Mr Jagger’s chair was given this description ‘Mr Jaggers own high backed chair was of deadly black horse hair with rows of brass nails round it like a coffin’. Obviously the coffin resemblance is significant it signifies the corruption he is involved in as many deaths he’s involved with. Also Deadly black horsehair is another link to death.
Pip describes the room by saying it has a dismal atmosphere. This was not a part of Pips great expectations for London. This is backed up when Pip comments that ‘I came into Smithfield; and the shameful place’.
After talking to the drunk Minister of Justice Pip confirmed his dislike of London so far by saying ‘This was horrible and gave me sickening idea of London’. Mr Jaggers can be seen as a religious character because dickens wrote about him ‘Mr Jagger’s, putting a hand on my shoulder and walking with me on at his side without saying anything to me, addressed himself to his followers. The word followers links to Jesus with his followers, but also Jaggers is seen to be washing his hands just like ponchous pilot was always washing his hands clean.
Jagger openly talks to his clients threatening to throw cases if they don’t do favours for him. This is corrupt and Pip sees this and thinks that London is not a good a place he originally thought.
When Pip is introduced to his new home he is not impressed. It is described as melancholy, disgorged, dismal and dilapidated. Not exactly his great expectation.
Dickens used personification to enhance how run down the place was, he wrote ‘ crippled flower-pot’ and ‘miserable makeshift’.
There are dark images and images of death when pip said ‘ A frowzy morning of soot and smoke attired this forlorn creation of Barnard and it had strewn ashes on its head’, Mourning is an image of funerals and death while soot ash and smoke are images of darkness.
Earlier in the story pip is told that ‘ you may get cheated, robbed and murdered in London’. He now feels this is true because his expectations aren’t what London is really like.

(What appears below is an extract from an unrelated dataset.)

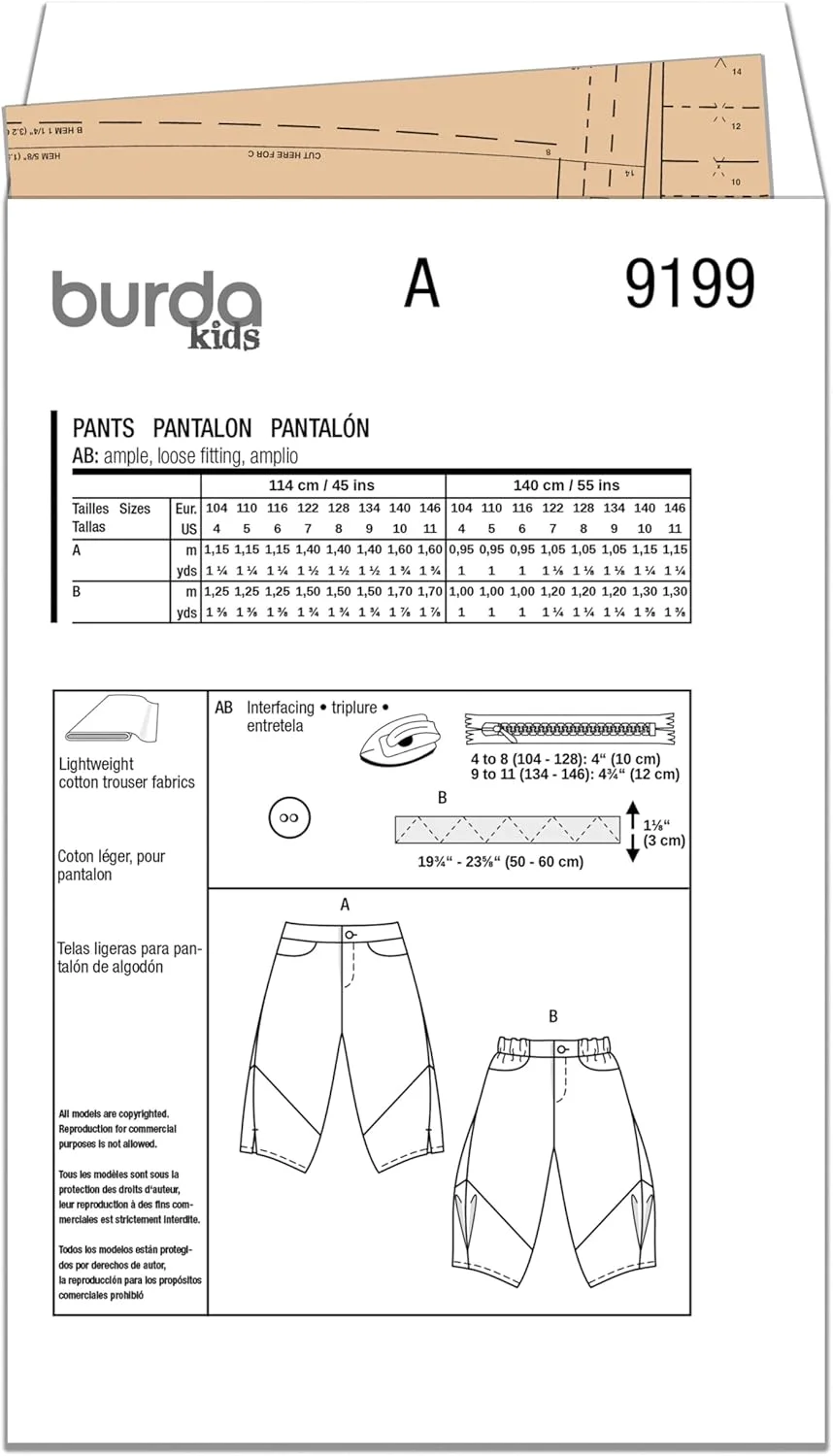 الگوی خیاطی شلوارک و ژاکت بچگانه Burda Style X09199BURDA، کد طراحی B9199، سایزهای 4-11 (104-146) الگوی خیاطی شلوارک و ژاکت بچگانه Burda Style X09199BURDA، کد طراحی B9199، سایزهای 4-11 (104-146)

Dickens wrote ‘He led me into a corner and conducted me up a flight of stairs-which appeared to me to be slowly collapsing into sawdust’. This represents Pip climbing the social ladder but the steps are beginning to crumble below him.
Mr Pocket Junior treats Pip in a way in which he is not used to. Mr pockets is attempting to do everything for Pip but pip is willing to help so this far into the story Pip had yet to turn into a complete snob.